Published on in Advice / Tips & Tricks

Making sure you have the basics covered is a must, yet over and over again we sometimes see the basics missing in the work we come across. Whether it's in a documentary, a short or simply your demo reel, making sure you're video doesn't suck is key to landing that gig you've always wanted. So with the new year, let's start a new list of what shouldn't be lacking in any of your 2015 projects. 
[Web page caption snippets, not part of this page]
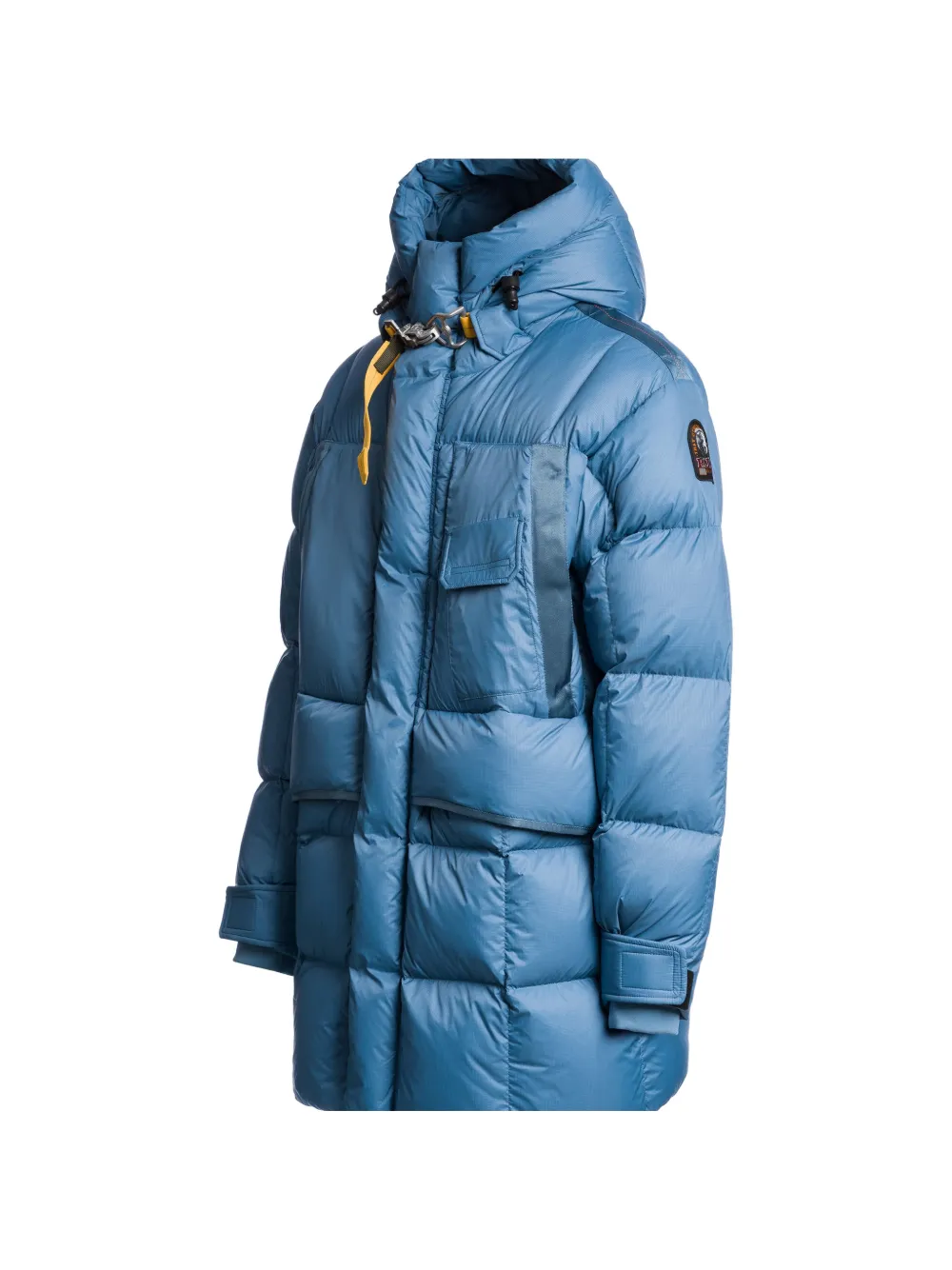Parajumpers Bold parka met capuchon Blauw
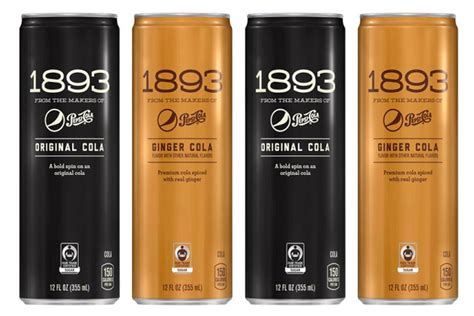 Pepsi Doubles Down on Craft Soda With 1893 Cola Concept - Eater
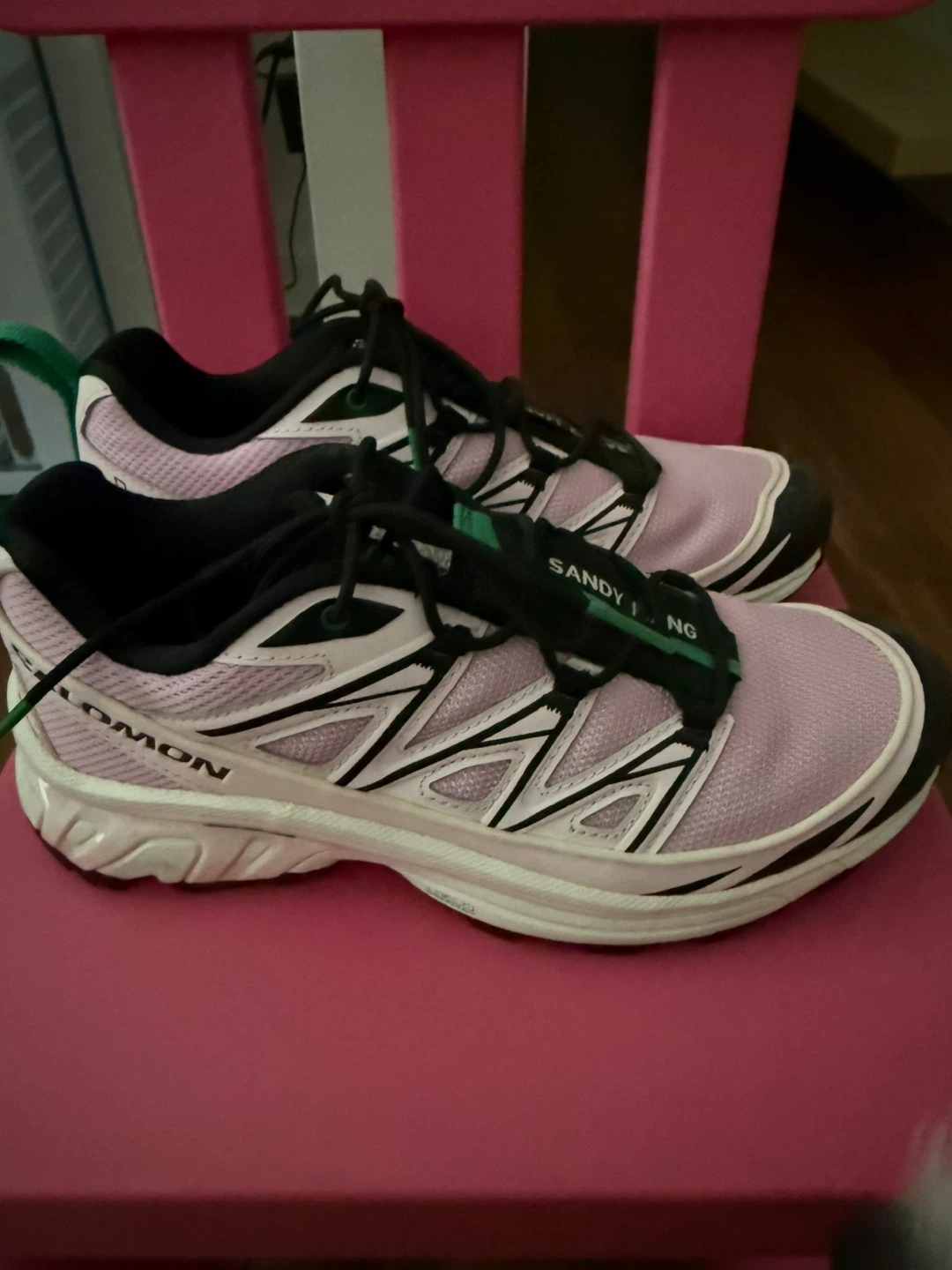 Salomon x Sandy Liang XT-6 Expanse Sneakers - photo 2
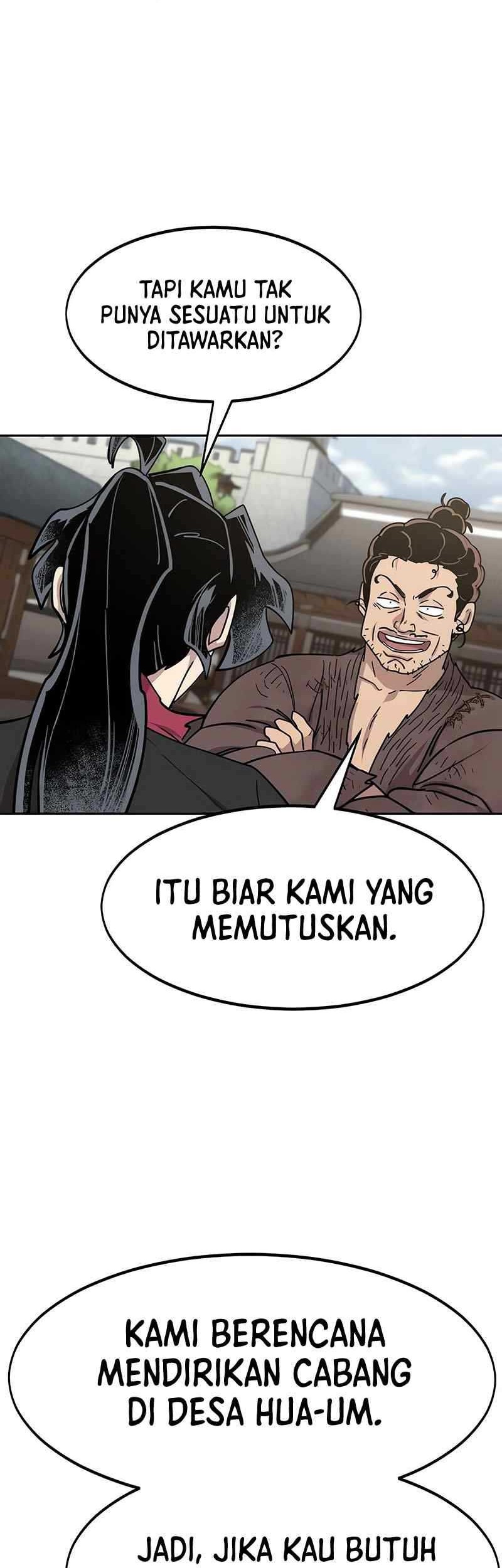 Return of the Flowery Mountain Sect Chapter 111 - halaman 43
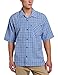 BLACKHAWK Men's 1700 Shirt (Blue Plaid, Medium)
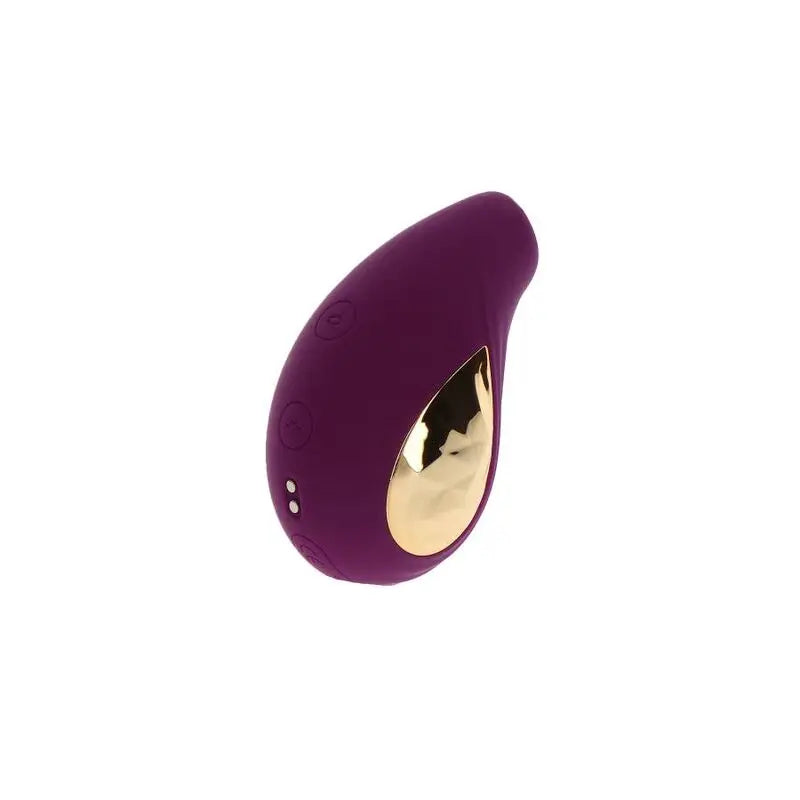 Stimulateur clitoridien Divine Love violet - Xocoon - XOCOON
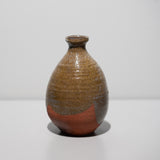 <tc>Hiroki Onishi / Tokkuri Sake Flask (<tc>Yakushiji Temple Tile Pattern)</tc></tc>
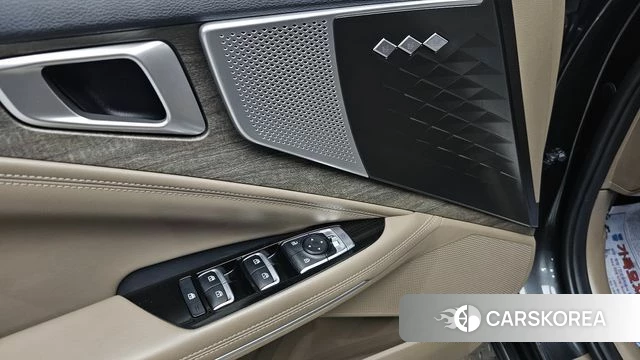 Kia K8 2021 Серый из Кореи, фото 5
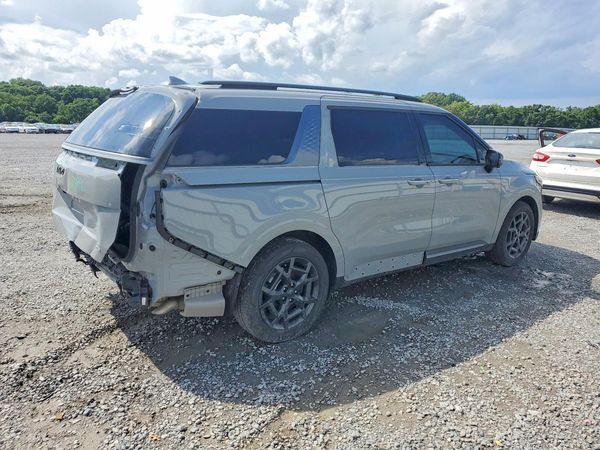 2026 KIA CARNIVAL HYBRID SX, SX Prestige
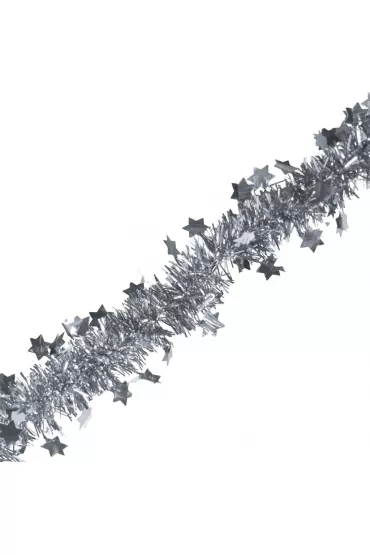 Łańcuch z gwiazdkami/ śnieżynkami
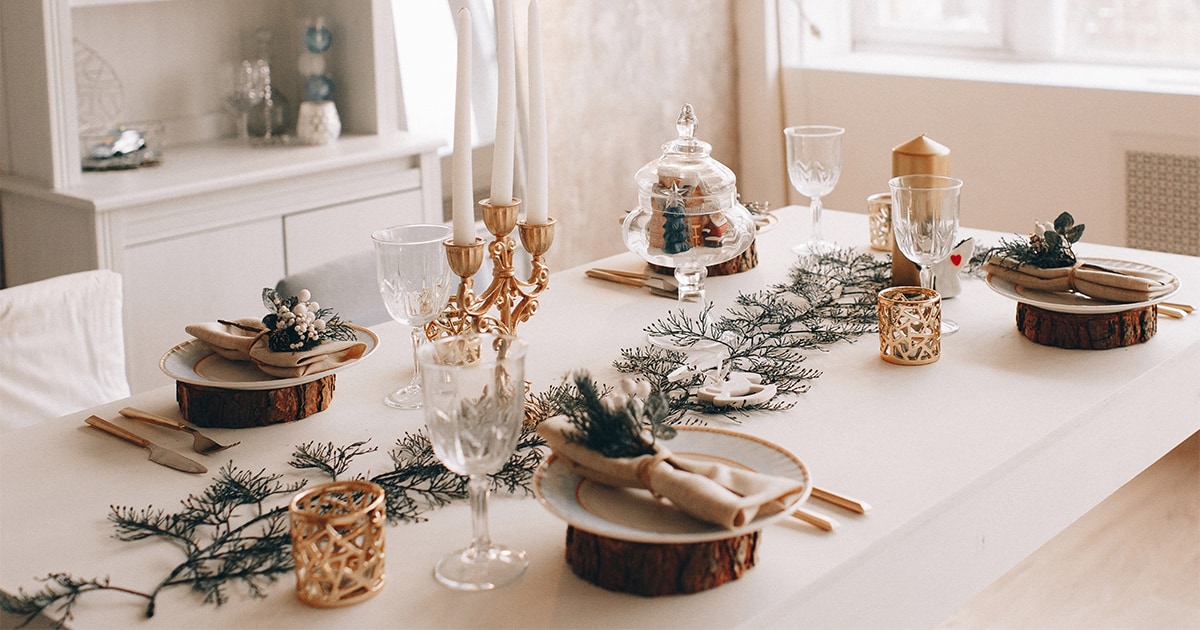 Τα must-have εργαλεία κουζίνας για το χριστουγεννιάτικο τραπέζι!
* Avoid unnecessary zooming:

The sure fire sign of an amateur is fast and frequent zooming. It is distracting, unnecessary and can even be nauseating when the picture gets extra shaky. When you are zoomed in close, even the slightest tremor in your hand can make the image look unstable. Make sure to get physically close to your target as much as you can. Don’t keep zooming in and out; choose an angle and stick with it the majority of the time. And when you do need to zoom, just try to do it slow & steady. 

* Capture B-Roll:

Instead of showing only people speaking, you should also have other images you can cut away to that will add dimension to your story later on in the editing process. B-roll can include additional video footage, photographs, animation or other elements.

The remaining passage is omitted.